Copied Xbox games for £1.50? Doubt this ludicrous-sounding statement? Here's the proof.

Consumers can now rent games, perfectly legitimately, from places like www.swapgame.com, with a monthly flat-rate fee of £14.99 entitling them to rent 2 games at any one time. If they sent games back the same day they arrived, that'd bring 20-25 games a month through their letterbox. (Your correspondent hasn't used the service himself, being a journalist who gets his games for free anyway, but is basing that estimate on experience of Webflix, a very similar outfit renting DVD movies by mail at the same rates.) That makes each rental cost about 70p.

If the consumer was to then copy the game to their Xbox hard drive, they could then send the disc straight back and play the game for as long as they liked. With a large replacement HD, commonly installed at the same time as a modchip operation (a 120GB drive, currently about £75, can hold dozens and dozens of games, and would bring the total cost of the chipping operation to not much over £100, ie slightly more than two games) they'd be sorted right there. But even with only the standard hard drive, it's easy, with almost no technical knowledge, to connect the Xbox to the PC with the official link cable, copy the installed files across, make an ISO and then burn the ISO with a DVD writer, producing a perfect copy of the original disc, for a further 75p or so for the blank DVD. Add a few pence for a DVD case and print out the cover from the net’s many cover sites like www.cdcovers.cc, and Consumer Jim has something that looks nice on his game shelf - and which he can then delete from the HD to make room for the next rental game - for a total outlay of £1.50 or so. (And of course, it makes for temptingly lucrative business for the professional pirate too, who can pump these copies out at markets and boot fairs for anything up to £8-£10 a shot.
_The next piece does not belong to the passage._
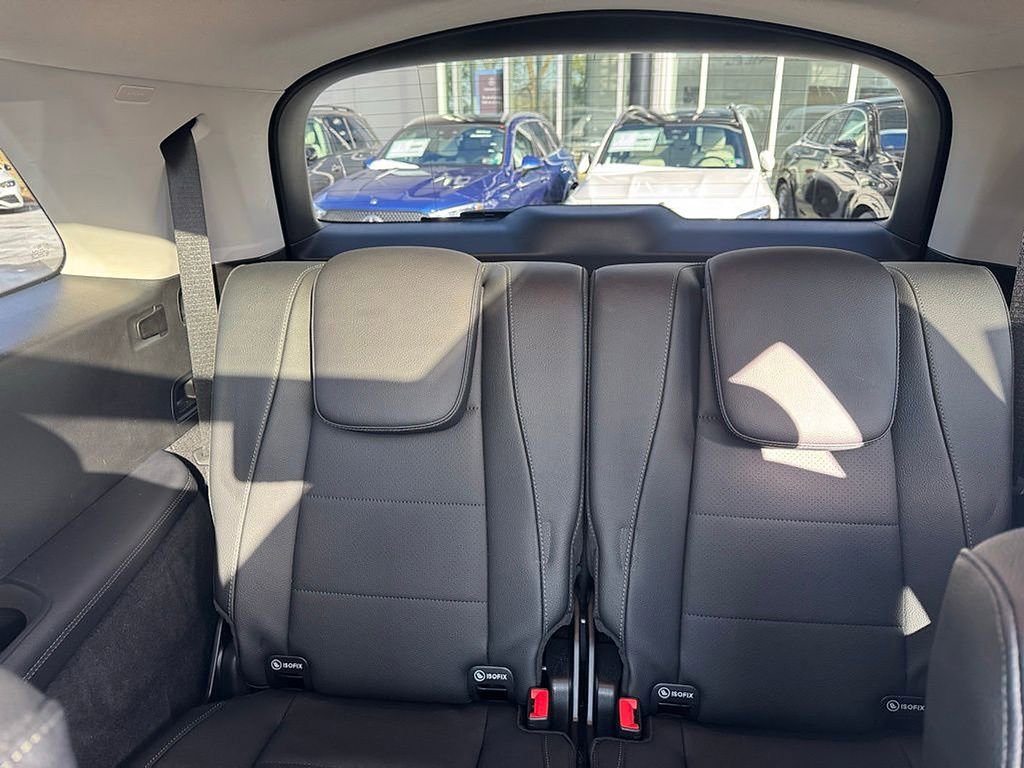 Used 2024 Mercedes-Benz GLS 450 4MATIC image 32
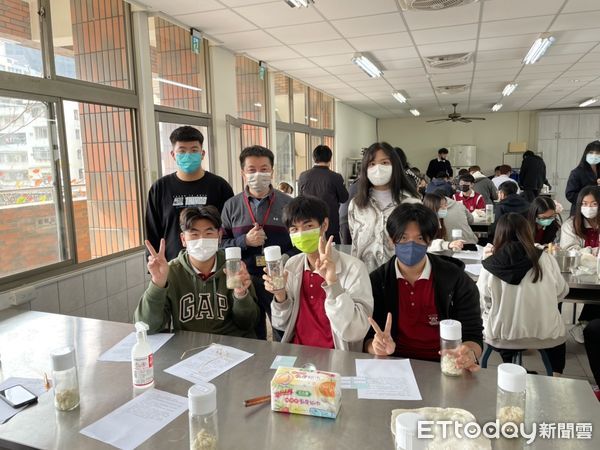 ▲嘉南藥理大學生活保健科技系24日與高雄明誠中學合作舉辦「釀酒成年禮」活動，由嘉藥師生帶領明誠中學即將滿18歲的同學手作釀造「成年禮米酒」。（圖／記者林悅翻攝，下同）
Nice margin, eh?)

It would have been incredibly easy for Microsoft to get round this (or at least add a relatively challenging extra layer of protection requiring coding skills and a separate “crack” for every game) by requiring the disc to remain in the Xbox drive as a “key disc” - like most PC games do - even when it's installed on HD. Yet they chose not to. Why might that be, do you think?